# Next Word Prediction using NLTK

#### Importing Libraries

In [1]:
%%capture
!pip install nltk

In [2]:
import nltk
from nltk.corpus import reuters
from nltk import bigrams, ConditionalFreqDist

In [3]:
nltk.download(['reuters', 'punkt'])

[nltk_data] Downloading package reuters to /root/nltk_data...
[nltk_data]   Package reuters is already up-to-date!
[nltk_data] Downloading package punkt to /root/nltk_data...
[nltk_data]   Package punkt is already up-to-date!


True

#### Loading the dataset

In [4]:
corpus = reuters.sents()

In [5]:
print(corpus[1])

['They', 'told', 'Reuter', 'correspondents', 'in', 'Asian', 'capitals', 'a', 'U', '.', 'S', '.', 'Move', 'against', 'Japan', 'might', 'boost', 'protectionist', 'sentiment', 'in', 'the', 'U', '.', 'S', '.', 'And', 'lead', 'to', 'curbs', 'on', 'American', 'imports', 'of', 'their', 'products', '.']


In [6]:
len(corpus)

54716

#### Creating Bigrams

In [7]:
words = [word.lower() for sent in corpus for word in sent]
bigrams_list = list(bigrams(words))

In [8]:
print(bigrams_list[:10])

[('asian', 'exporters'), ('exporters', 'fear'), ('fear', 'damage'), ('damage', 'from'), ('from', 'u'), ('u', '.'), ('.', 's'), ('s', '.-'), ('.-', 'japan'), ('japan', 'rift')]

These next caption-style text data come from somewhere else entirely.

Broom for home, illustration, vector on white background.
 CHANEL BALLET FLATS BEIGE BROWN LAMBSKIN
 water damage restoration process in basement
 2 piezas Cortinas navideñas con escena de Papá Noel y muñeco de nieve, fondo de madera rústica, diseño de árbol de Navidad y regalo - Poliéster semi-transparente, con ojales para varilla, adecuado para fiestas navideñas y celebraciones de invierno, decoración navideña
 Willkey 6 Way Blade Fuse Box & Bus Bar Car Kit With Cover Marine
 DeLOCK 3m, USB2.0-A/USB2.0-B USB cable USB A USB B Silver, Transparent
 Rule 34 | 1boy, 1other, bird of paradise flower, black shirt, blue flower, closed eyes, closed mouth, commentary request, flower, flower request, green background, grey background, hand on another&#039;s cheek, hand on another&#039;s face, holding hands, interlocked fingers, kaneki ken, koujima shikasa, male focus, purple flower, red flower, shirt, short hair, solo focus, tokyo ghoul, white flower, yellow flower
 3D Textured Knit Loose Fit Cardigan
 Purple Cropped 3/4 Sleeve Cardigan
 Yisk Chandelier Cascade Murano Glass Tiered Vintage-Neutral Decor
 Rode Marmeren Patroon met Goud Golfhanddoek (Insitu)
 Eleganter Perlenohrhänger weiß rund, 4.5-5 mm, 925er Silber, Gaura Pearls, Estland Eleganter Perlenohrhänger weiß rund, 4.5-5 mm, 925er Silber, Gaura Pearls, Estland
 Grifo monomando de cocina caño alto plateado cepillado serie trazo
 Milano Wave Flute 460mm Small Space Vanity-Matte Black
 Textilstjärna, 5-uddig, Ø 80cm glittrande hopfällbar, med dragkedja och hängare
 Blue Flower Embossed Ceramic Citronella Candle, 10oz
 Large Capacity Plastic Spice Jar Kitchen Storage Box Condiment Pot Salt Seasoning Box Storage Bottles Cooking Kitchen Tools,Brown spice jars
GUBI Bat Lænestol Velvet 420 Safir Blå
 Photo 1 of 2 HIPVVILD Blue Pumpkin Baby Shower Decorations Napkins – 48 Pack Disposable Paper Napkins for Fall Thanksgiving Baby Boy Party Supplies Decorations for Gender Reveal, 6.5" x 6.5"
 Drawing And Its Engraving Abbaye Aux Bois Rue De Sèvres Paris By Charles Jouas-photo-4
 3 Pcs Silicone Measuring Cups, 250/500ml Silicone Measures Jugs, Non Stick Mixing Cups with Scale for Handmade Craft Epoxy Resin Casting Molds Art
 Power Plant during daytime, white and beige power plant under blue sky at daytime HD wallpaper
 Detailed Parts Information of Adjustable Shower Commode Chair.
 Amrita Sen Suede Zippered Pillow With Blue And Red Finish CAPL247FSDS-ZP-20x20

#### Creating Conditional Frequency Distribution

In [9]:
cfd = ConditionalFreqDist(bigrams_list)

In [10]:
cfd['the']

FreqDist({'company': 3126, 'u': 2264, 'dollar': 984, 'bank': 960, 'first': 839, 'government': 787, 'year': 720, 'united': 682, 'new': 678, 'market': 590, ...})

#### Predicting Next Word

In [11]:
def predict_next_word(input_word):
    input_word = input_word.lower()

    if input_word in cfd:
        return cfd[input_word].max()
    else:
        return "Word not found in corpus"

In [12]:
input_word = str(input('Enter word: '))
next_word = predict_next_word(input_word)
print(f"The next word after '{input_word}' could be: '{next_word}'")

Enter word: I
The next word after 'I' could be: 'think'